§ Material provided:
----
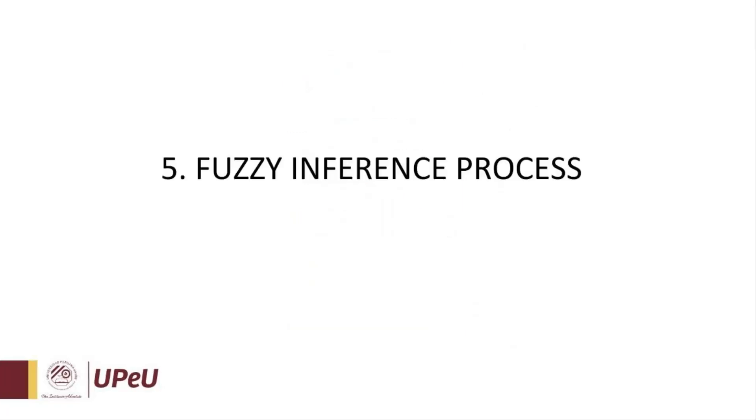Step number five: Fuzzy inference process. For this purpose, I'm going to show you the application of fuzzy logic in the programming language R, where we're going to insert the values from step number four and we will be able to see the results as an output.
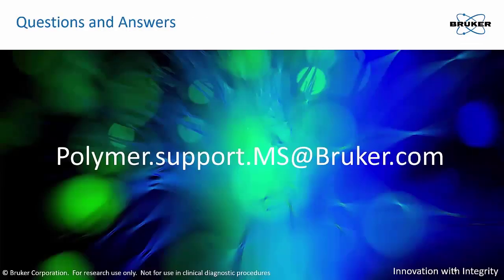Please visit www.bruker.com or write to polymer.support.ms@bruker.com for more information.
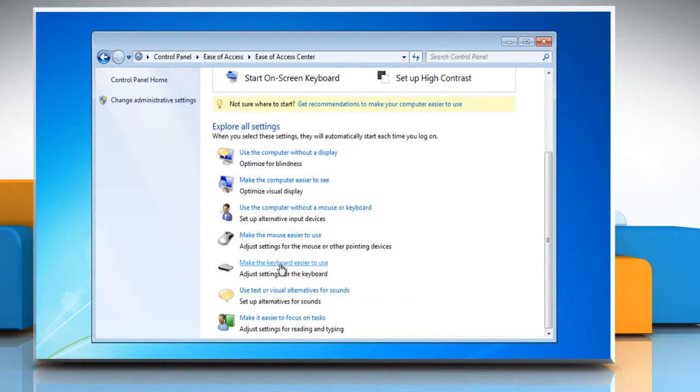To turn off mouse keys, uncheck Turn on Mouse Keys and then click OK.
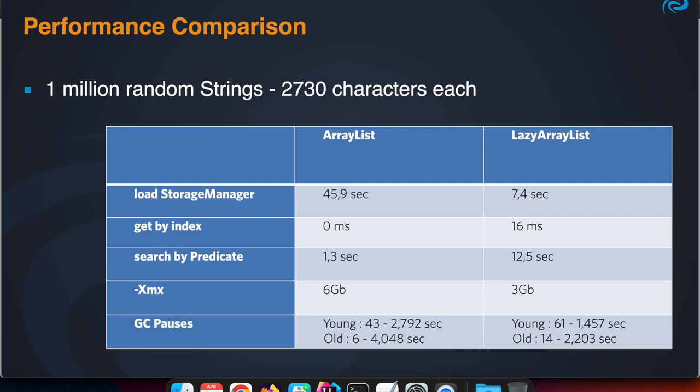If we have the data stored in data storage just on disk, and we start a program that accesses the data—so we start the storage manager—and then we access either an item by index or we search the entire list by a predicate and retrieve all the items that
----
§ Assignment:
All of the data above needs to be retyped exactly, with the pictures removed.

§ Written answer:
Step number five: Fuzzy inference process. For this purpose, I'm going to show you the application of fuzzy logic in the programming language R, where we're going to insert the values from step number four and we will be able to see the results as an output.
Please visit www.bruker.com or write to polymer.support.ms@bruker.com for more information.
To turn off mouse keys, uncheck Turn on Mouse Keys and then click OK.
If we have the data stored in data storage just on disk, and we start a program that accesses the data—so we start the storage manager—and then we access either an item by index or we search the entire list by a predicate and retrieve all the items that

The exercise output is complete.